D’après la Genèse, xiv, 10, il y avait dans la vallée de Hassiddîm (ou Siddîm sans l’article ; Vulgate : Silvestris) de nombreux puits de bitume. Cette vallée de Hassiddîm, « des champs plains, » est maintenant, en partie au moins, la mer de sel, Gen., xiv, 3, c’est-à-dire la mer Morte ; elle a, en effet, une si grande quantité d’asphalte, que, comme il a été dit plus haut, le nom de lac Asphaltite lui a été donné pour cette raison par les Grecs et les Romains.
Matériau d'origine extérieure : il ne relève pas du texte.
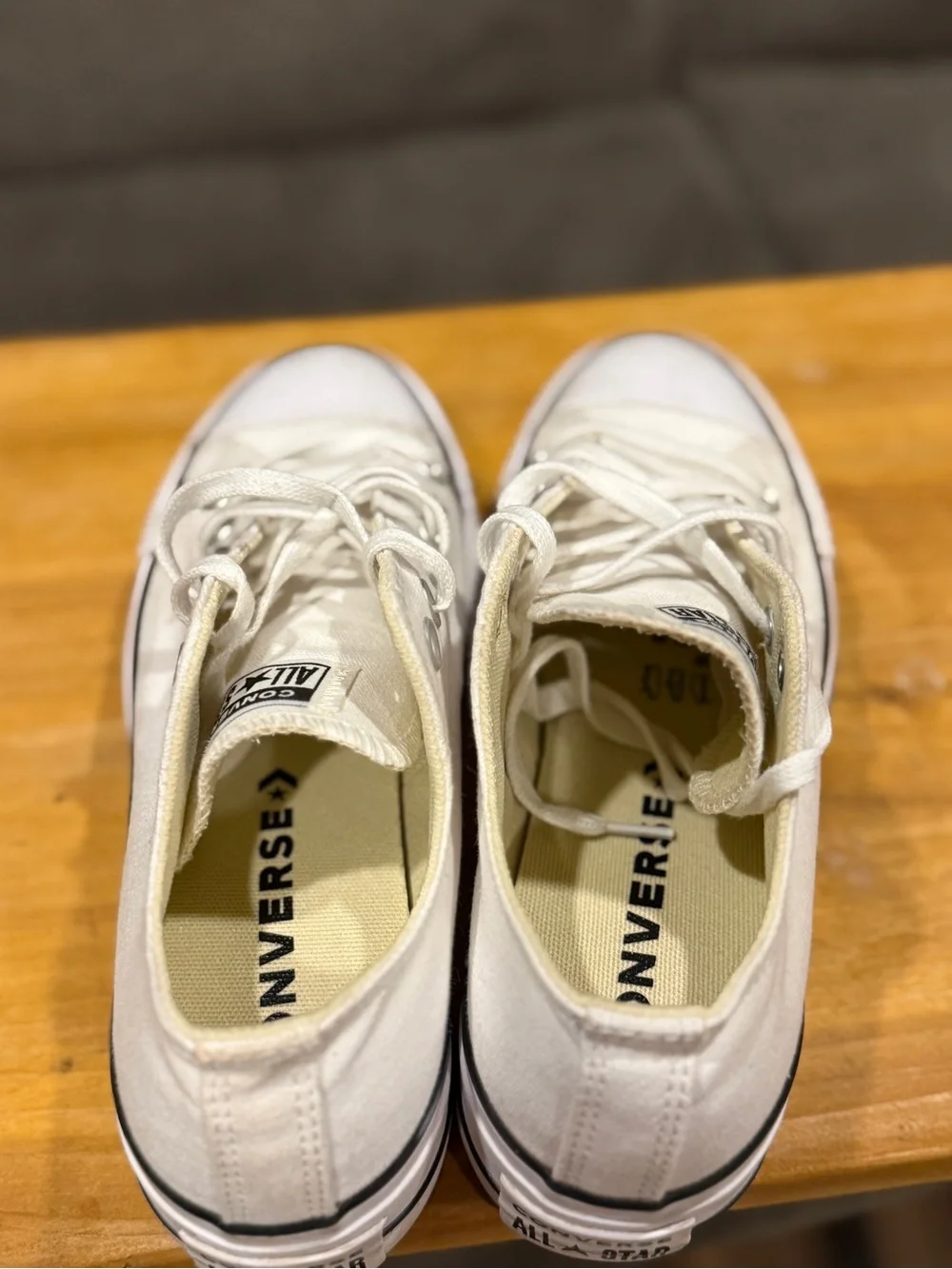 Platform Low-Top Canvas Sneakers Size women 6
Josèphe, Bell, jud., III, x, 7 ; IV, viii, 4 ; Strabon, xvi, 2, 42-44 ; Tacite, Hist., v, 6. Sur ses bords, à l’est, se trouve une montagne appelée Tour-el-Homar, c’est-à-dire « rocher d’asphalte ». Mislin, Les Saints Lieux, 1858, t. iii, p. 255. Ce nom arabe rappelle le mot ḥêmâr du récit biblique. « Quant aux bitumes de la vallée de Siddim, dit de Luynes, Voyage d’exploration à la mer Morte, t. i, p. 245, la contiguïté du Wady Mahawat et de ses calcaires bitumeux ne laisse pas de doute sur la possibilité de leur existence. » Il est donc certain que cette vallée devait être très abondante en sources de bitume.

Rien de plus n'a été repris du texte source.